Jeremias Freimuth, Außendienstmitarbeiter einer Firma, ein erfahrener Berufsreisender, vor allem vertraut mit afrikanischen Ländern, findet sich durch die ungewollte vorzeitige Beendigung seiner Arbeitsbeziehung in einer, wenn auch wirtschaftlich nicht bedrohlichen, aber unangenehmen Situation wieder, der er entkommen will.
Seine Frau Hannah, Mitarbeiterin des Außenministeriums, die in unterschiedlichen Regionen Europas eingesetzt wird, mit der er trotz ihrer Fernbeziehung einen beständigen und regen Austausch lebt, rät ihm, Afrika einmal für einen Urlaub zu bereisen.
Während Hannah ihrem beruflichen Ruf nach Spanien folgt, fängt für Jere, so sein Kurzname, nun eine Reise an, die bereits mit einem ungeplanten, verlängerten Aufenthalt in Lissabon beginnt, bei dem einige der Mitreisenden für das weitere Reiseabenteuer auf dem Weg nach Senegal mitbestimmend werden.
Was folgt, ist zugleich ein kontinuierliches Aufbrechen unserer klischeehaften Vorstellungen über Afrika und ein kontinuierliches Zerbröckeln von Jeres bisherigem Afrikawissen.

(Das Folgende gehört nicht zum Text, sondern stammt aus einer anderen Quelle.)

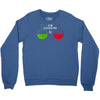 funny science shirt nerd Crewneck Sweatshirt
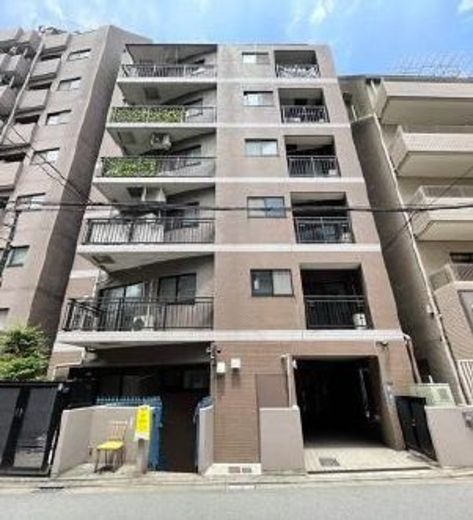 エクセルシオール麻布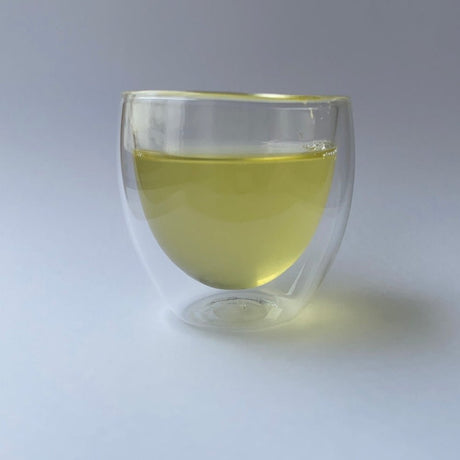 Iba Yu Tea Garden: Tanegashima Single Cultivar Sencha - Nanmei (micro batch, limited) - yumenet.live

Nach und nach verschieben sich die Gewichtungen dessen, was als wesentlich verstanden wird, und immer wieder erfahren die vorbestimmten Blickwinkel des Urlaubers und zugleich beruflichen Routiniers auf Reisen in den vielen Begegnungen Korrekturen. Wesentlich dazu trägt Douada bei, ein Junge aus der Bidonville¹ von Pikine, der Jere durch Übersetzung aus einer schwierigen Situation hilft, und Manuel, ein ehemaliger Geschichtslehrer aus Dakar, der im Alter aushilfsweise Taxi fährt. Beide ermöglichen Jere in immer wieder überraschenden Wendungen, die diesen Roman auch ausmachen, einen Zugang zu einem bisher wenig bekannten Afrika und in der Folge auch zu einem veränderten Verhältnis zu seiner aktuellen Lebenssituation. Welche Rolle bei all dem Haile Bekele, der Freund aus Addis Abeba, spielt, das finden Sie selbst heraus.
Während sich Jere zu Beginn seiner Reise beim Warten auf den Anschlussflug durch eine gesprächige Mitreisende vom Lesen abhalten lässt, ließ ich mich beim Lesen nicht unterbrechen, verspürte kein Bedürfnis, einmal in die Geschichte eingetaucht, den Textfluss wieder zu verlassen. Was sicher auch mit dem Humor zu tun hat, der dem Text eingewoben ist.
Der Roman liest sich für mich in den eröffnenden Kapiteln wie ein Drehbuch, die einzelnen Szenen durch Schnitt getrennt, und erst aus der Montage dieser Episoden entspinnen sich die Fäden zwischen den Teilen. Diesem formalen Prinzip folgt der Roman bis zum Schluss, die Schnitte zeigen durch die kontinuierlich intensiver gesponnenen Fäden im Laufe der Zeit immer deutlicher ihren verbindenden Charakter.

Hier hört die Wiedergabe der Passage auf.